The Eastern Band of the Cherokee Indians of North Carolina operates a Harrah’s Casino under a 1994 compact with the State of North Carolina that “permits the Tribe to conduct ‘raffles,’ ‘video games,’ and ‘other Class III gaming which may be authorized’ in writing by the Governor.” The 1988 federal Indian Gaming Regulatory Act (IGRA) legalized “the operation of gaming by Indian tribes as a means of promoting tribal economic development, self-sufficiency, and strong tribal governments.” It created three classes of gaming activity.
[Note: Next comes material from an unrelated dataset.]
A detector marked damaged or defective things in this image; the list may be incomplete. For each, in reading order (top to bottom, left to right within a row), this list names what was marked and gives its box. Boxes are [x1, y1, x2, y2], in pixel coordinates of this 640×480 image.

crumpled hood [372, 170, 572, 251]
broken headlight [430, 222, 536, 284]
The highest class, Class III, includes “slot machines, casino-style games, banking card games, video games, and lotteries” and “requires a compact between the federally recognized Indian tribe and the State prior to the tribe being permitted to conduct Class III gaming on its land.” North Carolina’s compact with the Cherokee applies until 2030.
Video poker was legal but highly regulated in North Carolina until 2007, when the General Assembly enacted SB 912Phase Out Video Poker/Except By Compact, which made it “unlawful for any person to operate, allow to be operated, place into operation, or keep in that person’s possession for the purpose of operation any video gaming machine, including video poker machines.” SB 912 included an exemption for federally recognized Indian tribes with Tribal-State Compacts approving Class III gaming activity.
The plaintiffs in this case argued that prohibiting video gaming across the state, but exempting the Cherokee, violated the IGRA provision that Class III gaming is only legal on Indian lands “in a State that permits such gaming for any purpose by any person, organization, or entity.” However, the Court of Appeals found “The State’s interpretation … is both reasonable and supported by the decisions of other courts of other jurisdictions that have addressed this issue.” The unanimous ruling by the Court of Appeals means that there is not an automatic right to appeal, but the State Supreme Court may accept a petition to review the case.
"This is a welcome ruling from the Court of Appeals," commented Bill Brooks, president of the North Carolina Family Policy Council. "The Indian Gaming Regulatory Act is not easy to interpret, but the Cherokee are operating under a compact that was granted by the State during a time when video poker machines were legal. It would not be fair to the tribe to attempt to void the contract because the State wanted to ban video poker machines elsewhere. Nor did Congreee intend to bind the hands of states to regulate gambling within their borders when they passed the federal law allowing tribes to seek a compact with the State to allow gambling on tribal lands."